La visita di Gianfranco Fini in Egitto, un reportage sulla Chiesa cattolica in Israele
cresce la consapevolezza della necessità di fermare il terrorismo per arrivare alla pace
Testata:
Data: 12/01/2005
Pagina: 11
Autore: Emanuele Novazio - Aldo Cazzullo
Titolo: Italia e Egitto: che cosa fare per la pace - Voci dalla Terrassanta:
Riportiamo da pagina 9 della STAMPA di mercoledì 12 gennaio 2005 un articolo di Emanuele Novazio "Italia e Egitto: che cosa fare per la pace"
«Il grande compito di Abu Mazen è togliere l'acqua al pesce. Isolare i gruppi più irriducibili». Ribatte il suo collega egiziano Aboul Gheit: «Non possiamo isolare, ma parlare a tutti e cercare di creare una posizione comune». Più che un aperto dissenso con la diplomazia del Cairo sull'atteggiamento da tenere nei confronti dei gruppi terroristici che operano contro Israele, la messa a punto italiana mostra attenzione alle nuove dinamiche innescate dalla morte di Arafat e dall'elezione di Abu Mazen alla testa dell'Autorità palestinese. Come già il mese scorso in Israele, anche al Cairo - prima tappa di un tour mediorientale che lo porterà ad Amman, Damasco e Beirut - Fini ha sottolineato la necessità di prosciugare lo stagno del terrorismo favorendo quanti sono disposti al dialogo, e sfruttando le contraddizioni che stanno emergendo all'interno di questi stessi gruppi (Hamas non era univoco nell'invitare all'astensione e la sua parte più «politica» non ha nascosto il favore per Abu Mazen; le Brigate dei Martiri di al-Aqsa sono altrettanto divise, e sul comportamento degli Hezbollah l'Unione europea e l'Italia stanno facendo forti pressioni sul loro sponsor, il presidente siriano Assad, che Fini incontrerà domani contando «sui legami particolari fra i due Paesi»).
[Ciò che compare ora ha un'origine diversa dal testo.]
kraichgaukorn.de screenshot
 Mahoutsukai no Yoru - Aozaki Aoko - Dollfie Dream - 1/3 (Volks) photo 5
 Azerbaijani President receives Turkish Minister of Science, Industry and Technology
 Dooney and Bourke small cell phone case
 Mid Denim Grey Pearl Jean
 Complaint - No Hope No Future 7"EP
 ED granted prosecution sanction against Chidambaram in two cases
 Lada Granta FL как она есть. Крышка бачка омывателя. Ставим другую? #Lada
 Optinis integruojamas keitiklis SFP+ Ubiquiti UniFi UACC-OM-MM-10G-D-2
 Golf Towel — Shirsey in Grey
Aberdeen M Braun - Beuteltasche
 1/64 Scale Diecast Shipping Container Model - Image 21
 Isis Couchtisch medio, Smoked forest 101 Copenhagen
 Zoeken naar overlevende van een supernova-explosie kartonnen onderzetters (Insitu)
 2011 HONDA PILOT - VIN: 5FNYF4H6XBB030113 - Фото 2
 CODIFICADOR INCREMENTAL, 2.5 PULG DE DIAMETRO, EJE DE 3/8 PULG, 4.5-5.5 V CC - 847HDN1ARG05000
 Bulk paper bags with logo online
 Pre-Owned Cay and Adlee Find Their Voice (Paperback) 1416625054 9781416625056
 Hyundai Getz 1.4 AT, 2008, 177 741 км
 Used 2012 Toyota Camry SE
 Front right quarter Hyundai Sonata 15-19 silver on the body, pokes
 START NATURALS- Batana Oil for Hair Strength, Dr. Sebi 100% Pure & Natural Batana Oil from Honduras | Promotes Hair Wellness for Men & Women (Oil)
Proprio riferendosi a Hamas e al suo tentativo di gonfiare l'astensionismo alle elezioni, il vicepremier e ministro degli Esteri sottolinea che l'esito del voto conferma «la possibilità di battere politicamente i gruppi radicali». Dialogo dunque («fa bene l'Egitto a favorirlo»), ma senza rinunciare al limite invalicabile dell'«irriducibilità». La violenza, è il senso dell'appello italiano all'Egitto, deve essere fermata per non compromettere la stessa esistenza politica di Abu Mazen e per mostrare al popolo palestinese - intervenendo anche con rapide azioni di sostegno economico - che le condizioni di vita migliorano senza più Intifada e attentati. La strada è lunga, riconosce Fini, ma per la prima volta negli ultimi dieci anni si presenta «una finestra di opportunità tanto promettente». La comunità internazionale - e l'Egitto «crocevia obbligato per ragiungere la pace» - «hanno il dovere di aiutare a realizzarla».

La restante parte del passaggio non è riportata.